Material provided:
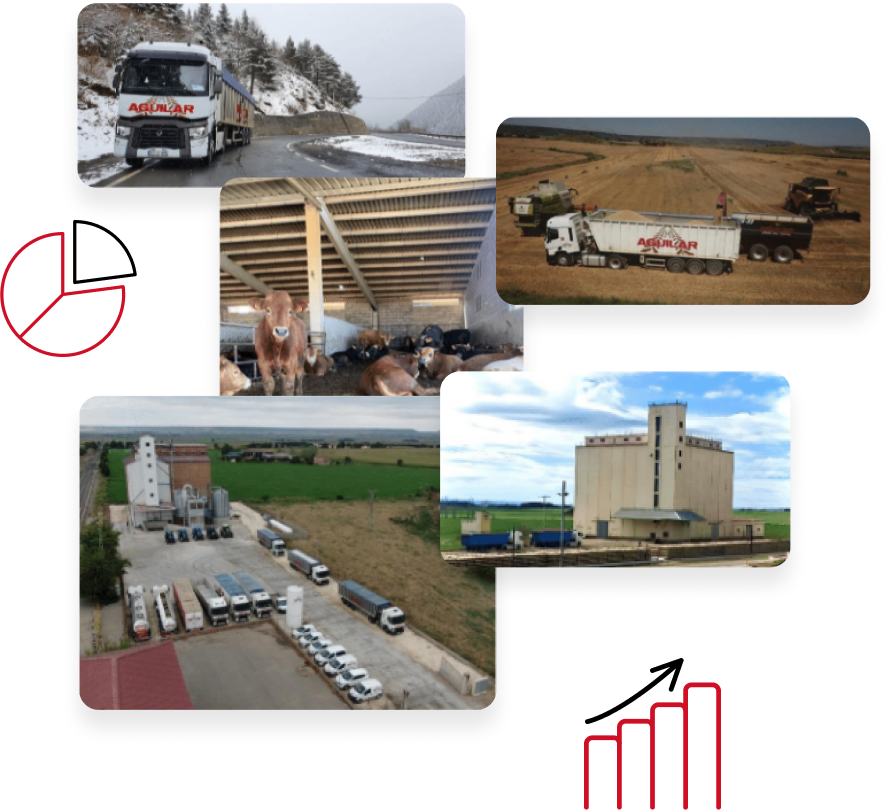 collage de Agricultura y ganadería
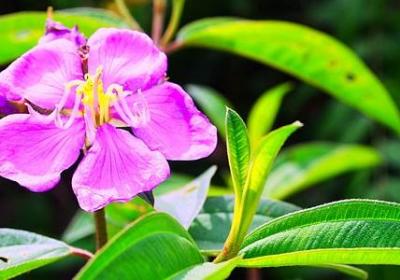 盗梦空间经典语录(优选50句)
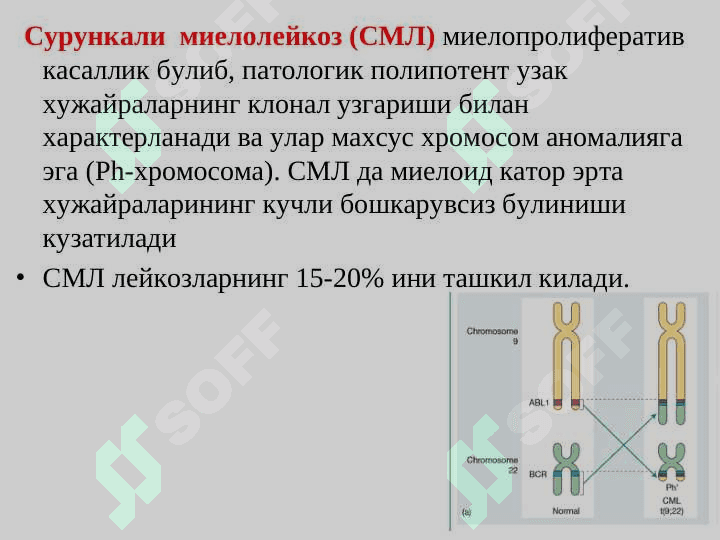 Surunkali leykozlar . Сурункали лейкозлар 5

What is needed: No picture should be included when the data are set down again exactly.

Solution to this exercise:
 collage de Agricultura y ganadería
 盗梦空间经典语录(优选50句)
 Surunkali leykozlar . Сурункали лейкозлар 5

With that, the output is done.